Previous ethnographic and other research in a particular community or neighbourhood may be an important criterion for selecting locations. Of course, in some instances one avoids repeated research in the same neighbourhoods, but quite often the past research in an area provides valuable ethnographic, descriptive data for identifying key variables and strategies for selecting samples.

In some instances an urban project is developed in which ethnic variation is to be a prime independent variable. Maximum control of the ethnic variable is made possible if a series of different ethnic groups are all intermingled in the same area of the city. Under these conditions, ethnic variation is not confounded by geographic separation into distinct enclaves with different stores, different health facilities, and other features. Ethnic comparisons may run into serious problems with confounding variables when they are based on one group in the "north end," another in "western suburbs," and yet another group in the "downtown inner city."

If it becomes necessary to select two or more different subcommunities in the city to represent different ethnic groups, then ethnographic field-work is essential for a thorough exploration of the various economic and ecological differences between the subareas. Two or more neighbourhoods in a large city may appear similar in their economic and social qualities, yet what seem to be ethnic differences may turn out to reflect micro-ecological differences in the subcommunities, including different landlords, different access to services, and submerged differences in socio-economic status.


Collaboration with community people


Field research generally involves intrusion of an academic or government-sponsored research group into a local region or community.

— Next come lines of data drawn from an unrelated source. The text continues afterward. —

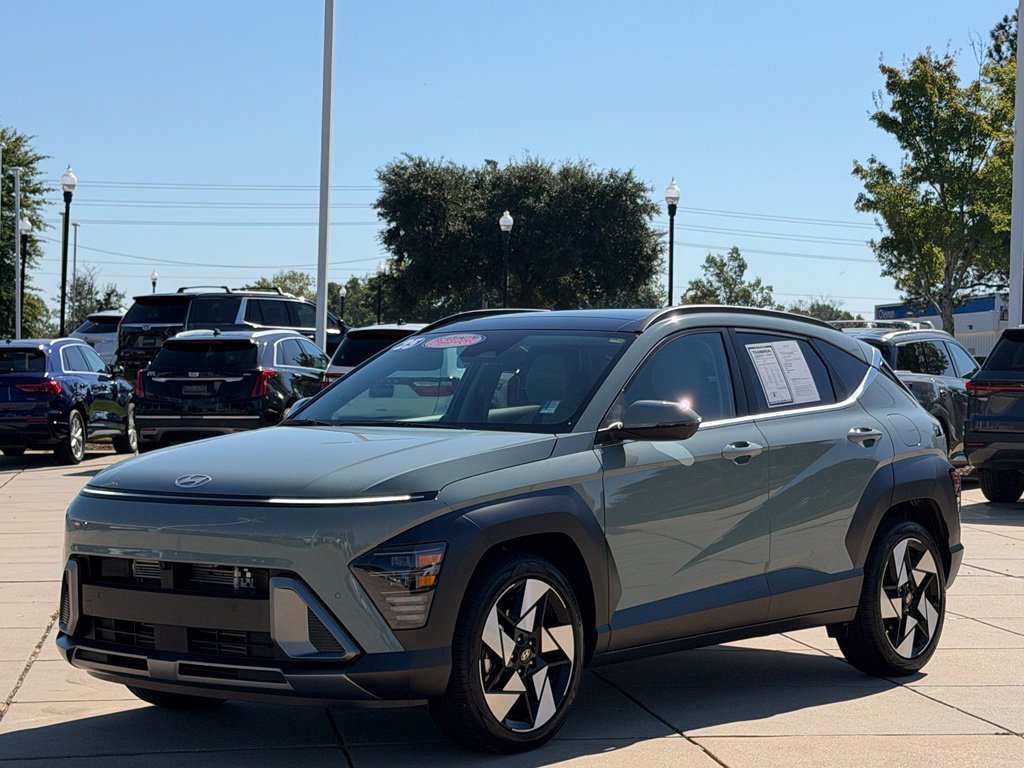 Used 2025 Hyundai Kona Limited FWD image 6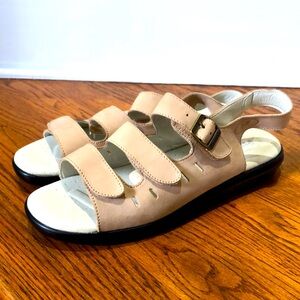 Propet Leather Sandals - Breeze Walker BRAND NEW Size 10.5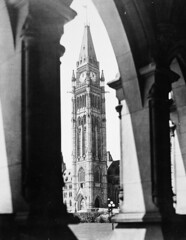 A view of the Peace Tower from the East Block of Parliament / La Tour de la Paix vue de l’édifice de l’Est du Parlement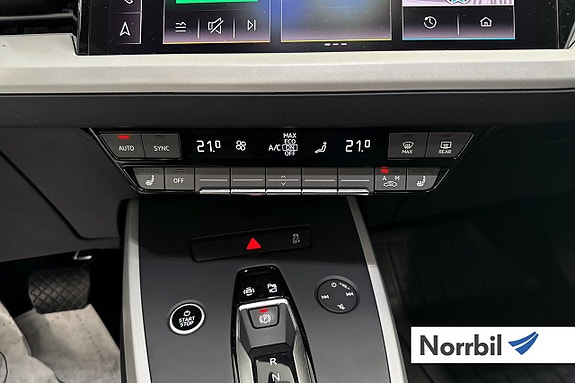 Audi Q4 e-tron 18 of 23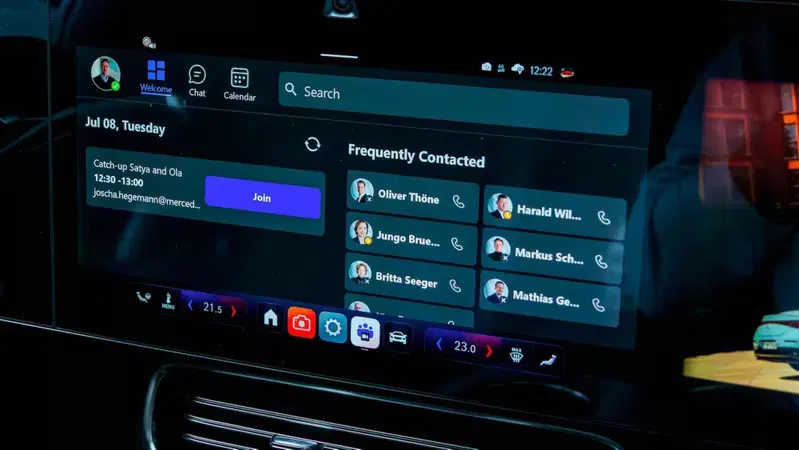 Mercedes trasforma CLA e GLC in uffici su ruote con Microsoft e intelligenza artificiale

Even the lone field-worker brings an element of intrusion, though the researcher also often brings in a certain amount of money, special resources such as transportation, and other economic advantages that may provide some benefits to the local people. The field-worker or field team assumes some sort of interactional position in the local and regional social organization, and relies on influential local people to give their endorsement or at least to acquiesce in the research activities. Very few field activities can proceed without overt support and approval from local people.

Since nutritional anthropological topics are often of considerable interest to local people and may have direct practical effects, it is useful to involve them quite actively in the research process. Local people may be the most sensitive and appropriate for some of the more intrusive kinds of observations in households. They are most familiar with features of local idiom, recipes, and patterns of household maintenance. Involvement of local people in early stages of the research process can accomplish the following:

  1. Getting input for identifying important local (emic) terminology, food distinction, and other relevant data.
  2. Providing useful exposure and training of local people who may aspire to academic or quasiacademic careers.
  3. Laying the groundwork for practical utilization of data in local projects.
  4. Providing a system of feedback into the project concerning attitudes of local people, including possible antagonistic reactions to research procedures.

The participation of local people is important not only for routine data-collection tasks but also for instrument construction. They can also play major roles in defining locally and regionally relevant sampling units and populations. Of course, there are wide variations in intellectual interests and styles within local cultural groups, so research directors and planners can expect to have difficulties in communicating with and motivating some local assistants, just as one generally experiences some difficulties with research assistants and graduate students.

In some areas, researchers have found it quite feasible to hire field assistants from the nearest university or other academic centre. However, there is often a considerable gulf between the university students (and secondary-school students) and the local people. Capability in the local language does not ensure that urban, university-based assistants will be sensitive and thoughtful concerning local cultural features and feelings.